Dino Risi e il “Giovedì” della verità
23 gennaio 1964, arriva nelle sale “Il giovedì”, ennesimo capolavoro di Dino Risi e uno dei film chiave della grande stagione della commedia all’italiana.
L’anno appena trascorso aveva registrato i primi scricchiolii del boom. L’occasione era, dunque, buona per riflettere. Su anni veloci e spietati, che tutto travolgono. E così un giovedì di fine estate, carico di metafore, segna il bilancio pubblico e privato di un paese ebbro di tutto. Papà Dino (un inarrivabile Walter Chiari), separato, autobiografia lecita e fortunata in tempi di Nouvelle Vague per il grande regista milanese, ritrova per un giorno Robertino, affidato alla mamma teutonica ed efficientista come i tempi ed il lignaggio richiedono. Imbarazzo e stress da dimostrazione per un padre dai pochi esempi e i molti fallimenti, curiosità e intuizione infantile per Robertino che tutto capisce e giustifica, lui così piccolo eppure così tremendamente grande.

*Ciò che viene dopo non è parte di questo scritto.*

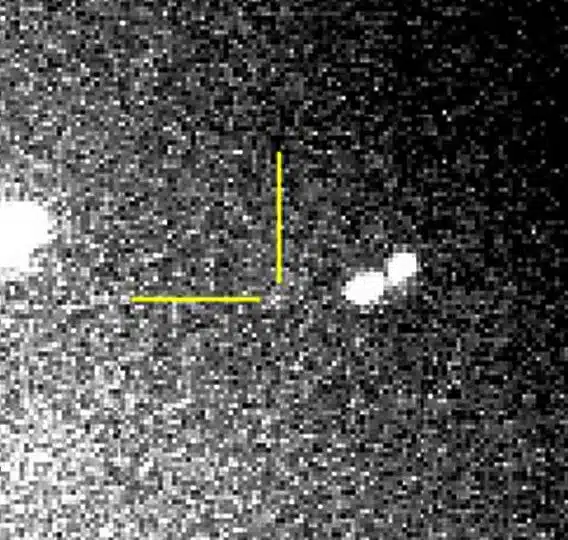 השביט אלנין מפורק לרסיסים, כפי שצולם על ידי מגלהו לאוניד אלנין ב-6 באוקטובר 2011. באדיבות UNIVERSE TODAY
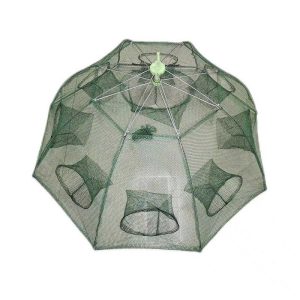 Πτυσσόμενη παγίδα ψαρέματος-κιούρτος με 6 εισόδους - 931356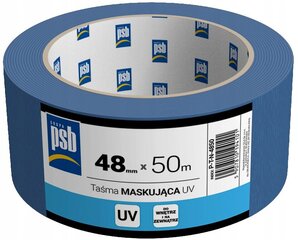 Gleznotāja zilā UV maskēšanas lente PSB 48mm x 50m цена и информация | Инструменты для покраски | 220.lv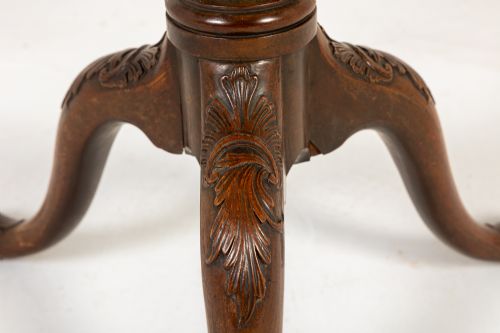 18TH CENTURY ENGLISH MAHOGANY TRIPOD TABLE - ADDITIONAL PHOTO 2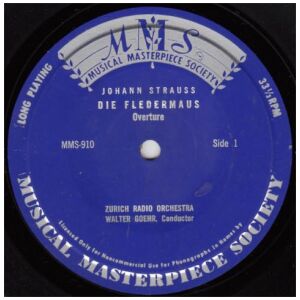 Johann Strauss* - Zurich Radio Orchestra - Walter Goehr - Die Fledermaus / Der Zigeunerbaron (7)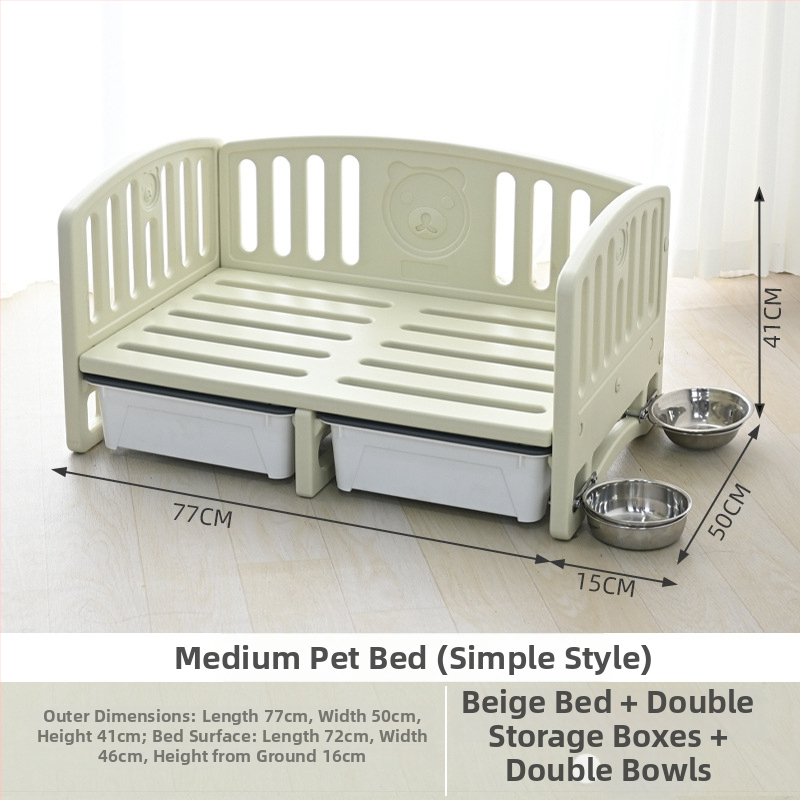 Κρεβάτι σκύλου από HDPE, για όλες τις εποχές, αναπνεύσιμο, πλένεται, εύκολη εγκατάσταση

Una gita in macchina, il mare, il gelato, le gemelle Kessler dal vivo, il tutto compensato dallo schiaffo di un creditore al papà inevitabilmente insolvente. “Ladri di biciclette” senza nulla da ritrovare se non mani strette come quelle di Maggiorani e Staiola; altri tempi, altre necessità, uguali solitudini. E allora rieccoli, finalmente, la periferia dell’infanzia di Dino, anche se già aggredita dal cemento, il prato ultimo lembo di natura vissuta, come in Pasolini, la partita a pallone, il vociare dei bambini così diverso dall’asettico collegio di Robertino. Attimi sospesi e sguardi felici, come quello della nonna in ristrettezze e dalla casa modesta.

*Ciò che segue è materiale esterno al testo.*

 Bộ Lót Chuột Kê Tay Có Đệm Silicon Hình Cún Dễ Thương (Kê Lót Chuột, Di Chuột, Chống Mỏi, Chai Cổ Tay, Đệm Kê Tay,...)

Altri odori, altri sapori, ma poveri troppo poveri per diventare quotidiano, abitudine. Per Dino meglio rituffarsi nell’illusione. Robertino a tarda sera è di nuovo in albergo dalla mamma; un separè per la cena è l’addio a papà. Un fischio è il segnale segreto che li unisce per sempre. Regali crudeli da neocapitalismo e un nodo alla gola che il sottofondo di Endrigo ci costringe a sciogliere.